Già all’altezza dell’edicola i commenti cambiano tono. Chi va a comprare il giornale, forse Giusto ed Elvira per primi, nel leggere la notizia scuotono il capo alla cifra presunta del riscatto e si lasciano sfuggire un insulto a fior di labbra. No, non possono essere Giusto e sua moglie, appartengono a una generazione per cui gli insulti vanno solo pensati. Forse quegli altri due lì, più giovani, Davide e Marco o Stefania, mentre andavano a piedi al lavoro e guardavano distrattamente i titoli. Giuseppe, l’edicolante, non li ha mai visti acquistare un quotidiano, sbirciano appena. Ai confini del paese gli insulti sono aumentati, ma questa volta non si riferiscono al riscatto, sono rivolti alle due ragazze e diventano fiume appena lambiscono quel luogo non luogo, ad alta velocità e bassissima responsabilità, che è la rete. Più o meno come sarà successo tra ieri e oggi nel caso di Greta Ramelli e Vanessa Marzullo.
Non riporto gli insulti, non vi dico neanche di andarli a leggere, siete perfettamente in grado di immaginarli; anzi no, leggeteli, potrei sempre esagerare: è sufficiente scorrere i commenti dei quotidiani on-line che hanno riportato la notizia. C’è persino chi si è sentito turbato dal fatto che, scese dall’aereo, le due ragazze si fossero protette con il cappuccio, troppo simili nell’aspetto a donne con il capo coperto per motivi culturali e religiosi. Come non fossero state prigioniere, stanche e spaventate o la pista d’atterraggio probabilmente ingombra di auto di Stato, carabinieri e magari avessero un paio di potenti riflettori puntati addosso per consentire le riprese televisive.
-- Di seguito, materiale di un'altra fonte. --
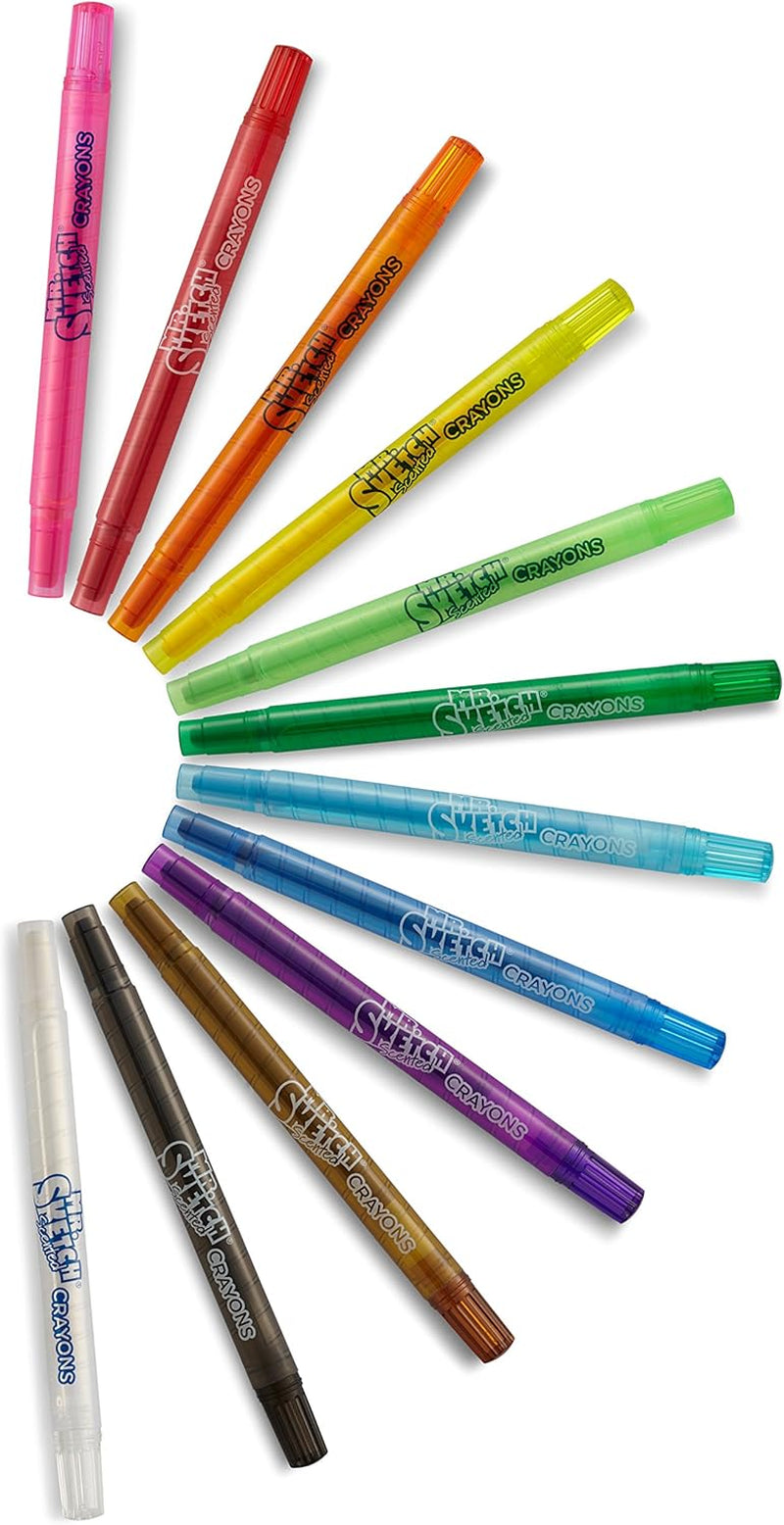 Scented Twistable Crayons, 12/Pack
Non è una questione di opinioni sulla vicenda o risultanze investigative. Si può pensare, dire e scrivere che le cooperanti italiane hanno cercato di svolgere un compito umanitario oppure che sono state delle incoscienti, manovrate, impreparate o avessero finalità ulteriori non dichiarate, è legittimo. Per il resto non c’è niente da fare, appena eventi un po’ controversi hanno per soggetti donne, sembrano azionare una gigantesca catapulta che riporta taluni, sulla soglia delle caverne, producendo come massima sintesi di vicende complesse, epiteti a sfondo sessista. E non si tratta di pochi, trascurabili casi. Ma non appartenevamo alla civiltà che rispetta e valorizza la componente femminile dell’umanità, anziché coprirla, venderla o farla esplodere, da bambina, nei mercati?